11. Minnesota Vikings: Should Adrian Peterson's new nickname be AAD (Almost All Day)?

12. New England Patriots: Is any team more dangerous on fourth down with a 13-point lead in the final minute?

13. Atlanta Falcons: Can Harry Douglas be stopped or do you just try to contain him?

14. Baltimore Ravens: When Ed Reed intercepted that pass eight yards deep in the end zone and started racing down the right sideline, did Eagles quarterback Kevin Kolb yell "Olé!"?

15. Chicago Bears: If he keeps running like this, how long will it be until Matt Forte cuts a hip-hop single with this guy?

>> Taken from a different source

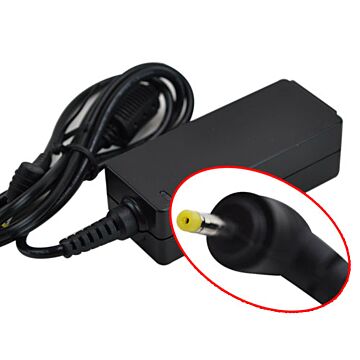 PC lader / AC adapter ASUS EEE PC 19V 40 2,5X0,7mm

16. Miami Dolphins: Have you ever seen two football players exhibit more simultaneous joy upon being ejected for brawling than Channing Crowder and Matt Light?

17. New Orleans Saints: Would you buy an abused car from this man?

18. Green Bay Packers: Did they sneak out to Pat O'Brien's for some halftime Hurricanes on Monday night?

19. Denver Broncos: When you allow Ashley Lelie to come back to his old town and upstage Brandon Marshall, can we conclude that you're the most dubious late-November division leader in recent memory?

20. Buffalo Bills: How long until Leodis McKelvin becomes one of the NFL's best cornerbacks?

21. Philadelphia Eagles: When Andy Reid says his decision to start Donovan McNabb against Arizona on Thursday "has nothing to do with [Kevin] Kolb's performance," are we actually supposed to believe him?

22. San Diego Chargers: Wait, Jacob Hester wasn't a complete waste of a draft pick?

23. Jacksonville Jaguars: Hey, Jack Del Rio, how do you really feel about Sunday's stinker against the Vikings?

24. Houston Texans: Do we really have to wait six whole days to watch this team host the Jags on "Monday Night Football"?

25. Cleveland Browns: Will owner Randy Lerner soon be telling his players to "chin up"?

26. Oakland Raiders: Aren't they, like, totally awesome?

27. Seattle Seahawks: With all due respect to Mike Holmgren's illustrious career, how poorly coached is this team?

28. San Francisco 49ers: Does Nate Clements have good dental records?

29. Cincinnati Bengals: If Carson Palmer is "sick of watching," is there a Bengals fan alive who can't relate?

30. Kansas City Chiefs: On Sunday, was former Cal defensive back Herm Edwards trying to make ex-Stanford quarterback Trent Edwards feel better about the pimp-slapping his school absorbed in the previous day's Big Game, or did it just seem that way?

31. St. Louis Rams: When Jim Haslett says he is "helpless on the sidelines," is it fair to conclude he's no longer a realistic candidate for the permanent head coaching gig?

32. Detroit Lions: If you insist upon watching all four quarters of their game against the Titans on Thursday, how much do you hate talking to your in-laws?